At sites elsewhere in Italy dating to the fifth to seventh centuries, commercial harbors were abandoned, and there is a strong decline in import-trade amphora from Africa and the eastern Mediterranean, indicating that interregional trade had collapsed. On the Adriatic at fifth-century Butrint, fortifications were built against barbarian invaders, palaces were left unfinished, and squatters moved in. Merchants occupied the ruined forums of other towns across Roman Europe, creating makeshift workshops in the rubble of former citadels. While Rome and a few other southern cities maintained a modicum of urban character, western European towns and markets were largely abandoned. Long-distance commercial exchange and the interregional market system had ceased operation.
TRADE, EXCHANGE AND MARKETS OUTSIDE THE FORMER EMPIRE
Archaeological evidence shows regular, active trade between Romans and non-Romans before A.D. 400. In return for elite goods—swords, adornments, wine and serving vessels—non-Roman peoples exported utilitarian wares, such as leather, hide, foodstuffs, and slaves. Modern excavations at elite-controlled ports, such as Gudme-Lundeborg in Denmark, usually show a chieftain's compound with a complement of craftspeople and a harbor during the Roman era.

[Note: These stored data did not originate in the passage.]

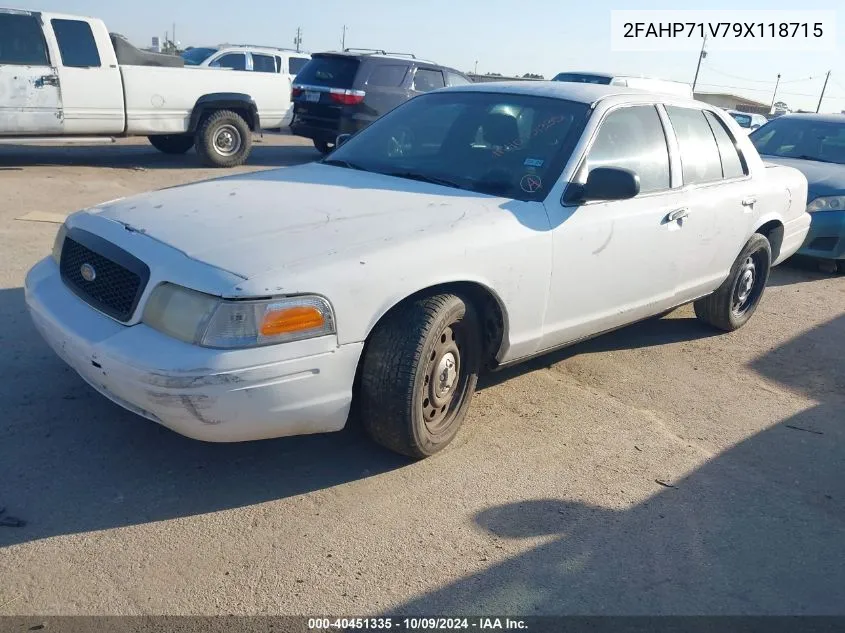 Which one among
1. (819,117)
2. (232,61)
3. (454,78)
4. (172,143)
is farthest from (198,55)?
(819,117)

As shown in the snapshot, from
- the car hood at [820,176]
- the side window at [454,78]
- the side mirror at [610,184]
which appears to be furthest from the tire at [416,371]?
the side window at [454,78]

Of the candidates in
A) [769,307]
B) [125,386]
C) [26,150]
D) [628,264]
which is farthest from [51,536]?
[26,150]

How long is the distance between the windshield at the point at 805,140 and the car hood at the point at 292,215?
22.0 feet

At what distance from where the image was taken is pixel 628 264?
4.40 m

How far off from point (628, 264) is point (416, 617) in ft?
8.14

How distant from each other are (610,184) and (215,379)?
7.18 ft

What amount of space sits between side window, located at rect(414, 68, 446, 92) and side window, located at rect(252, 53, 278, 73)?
5.47m

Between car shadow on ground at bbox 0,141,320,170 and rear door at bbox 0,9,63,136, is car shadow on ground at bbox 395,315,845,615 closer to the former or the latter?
rear door at bbox 0,9,63,136

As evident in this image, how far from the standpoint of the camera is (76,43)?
9.80 metres

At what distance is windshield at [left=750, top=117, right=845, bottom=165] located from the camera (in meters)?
9.03

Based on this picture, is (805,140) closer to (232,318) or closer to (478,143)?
(478,143)

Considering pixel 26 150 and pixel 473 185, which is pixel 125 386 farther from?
pixel 26 150

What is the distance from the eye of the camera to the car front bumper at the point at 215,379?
2.85 meters

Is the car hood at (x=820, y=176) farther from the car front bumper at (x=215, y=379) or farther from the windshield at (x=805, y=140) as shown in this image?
the car front bumper at (x=215, y=379) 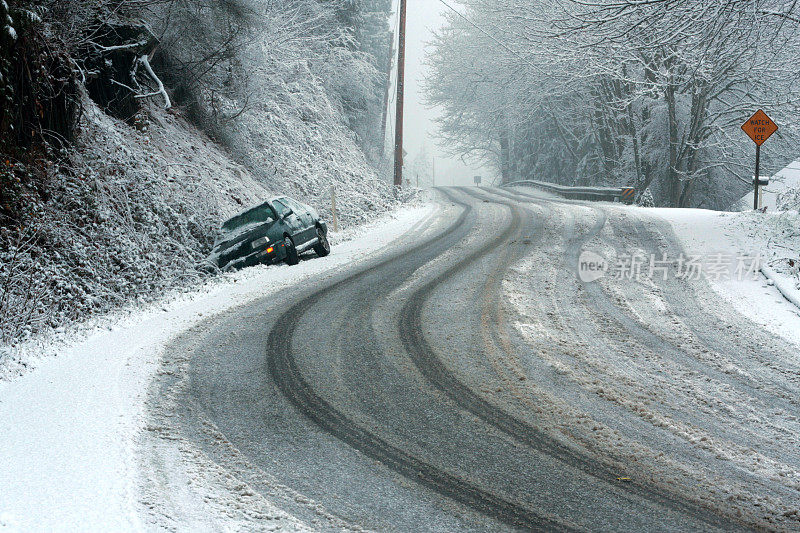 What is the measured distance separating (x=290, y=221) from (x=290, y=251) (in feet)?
2.32

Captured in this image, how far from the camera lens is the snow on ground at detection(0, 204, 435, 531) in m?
3.81

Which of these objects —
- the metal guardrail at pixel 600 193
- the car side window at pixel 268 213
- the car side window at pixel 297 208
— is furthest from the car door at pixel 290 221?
the metal guardrail at pixel 600 193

Rulers in barbarian regions thus became highly dependent on Roman goods for maintaining their social status. After Rome's troubles began and the imperial system began to totter, Roman goods disappeared from these sites, as long-distance trade was curtailed. Despite the cutoff of Roman items, local rulers still needed to impress their peers and overawe their subjects, so the trade in elite goods could not be allowed to end. Instead, smaller, less ambitious trade networks were formed between the upper classes in Britain, the Low Countries, Scandinavia, and Germanic and Slavic regions. Trade continued at some Roman-era places; more important, however, between A.D. 700 and 1000 a series of new, specialized sites combining crafts production with a trading center appeared. Among them were Ipswich and Hamwic in Britain; Birka, Ribe, Kaupang, and Hedeby in Scandinavia; Quentovic in northern France; Dorestad on the Dutch Rhine; Staraya Ladoga in Russia; and Wolin in Poland. Similar sequences are found in the Czech Republic and northern Germany.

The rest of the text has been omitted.